Re: Kafka with RAID 5 on. busy cluster.

2020-03-28 Thread Vishal Santoshi
Ny one ?  We doing a series of tests to be confident, but if there is some
data folks, who have had RAID 5 on kafka,  have to share, please do.

Regards.

On Mon, Mar 23, 2020 at 11:29 PM Vishal Santoshi 
wrote:

> << In RAID 5 one can loose more than only one disk RAID here will be data
> corruption.
> >> In RAID 5 if one looses more than only one disk RAID there will be data
> corruption.
>
> On Mon, Mar 23, 2020 at 11:27 PM Vishal Santoshi <
> vishal.santo...@gmail.com> wrote:
>
>> One obvious issue is disk failure toleration . As in if RF =3 on.normal
>> JBOD disk failure toleration is 2. In RAID 5 one can loose more than only
>> one disk RAID here will be data corruption. effectively making the broker
>> unusable, thus reducing our drive failure  toleration to 2 drives ON 2
>> different brokers with the added caveat that we loose the whole broker as
>> well ?
>>
>>
>> On Mon, Mar 23, 2020 at 10:42 PM Vishal Santoshi <
>> vishal.santo...@gmail.com> wrote:
>>
>>> We have a pretty busy kafka cluster with SSD and plain JBOD. We
>>> planning or thinking of using RAID 5  ( hardware raid  or  6 drive SSD
>>> bokers ) instead of JBID for various reasons.

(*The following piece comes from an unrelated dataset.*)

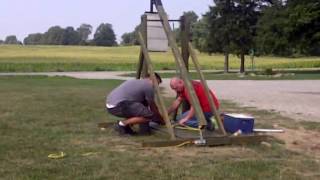 test firing the trebuchet. after 3 shots we dialed in the firing and launched a 4 lb projectile 142 feet! farthest launch was a water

Hss some one used RAID 5 ( we
>>> know that there is a write overhead parity bit on blocks and recreating a
>>> dead drive )  and can share there experience on it . Confluent advises
>>> against it but there are obvious ease one gets with RAID ( RAID 10 is to
>>> expensive space wise )  Any advise /comments etc will be highly
>>> appreciated.
>>>
>>> Regards.
>>>
>>>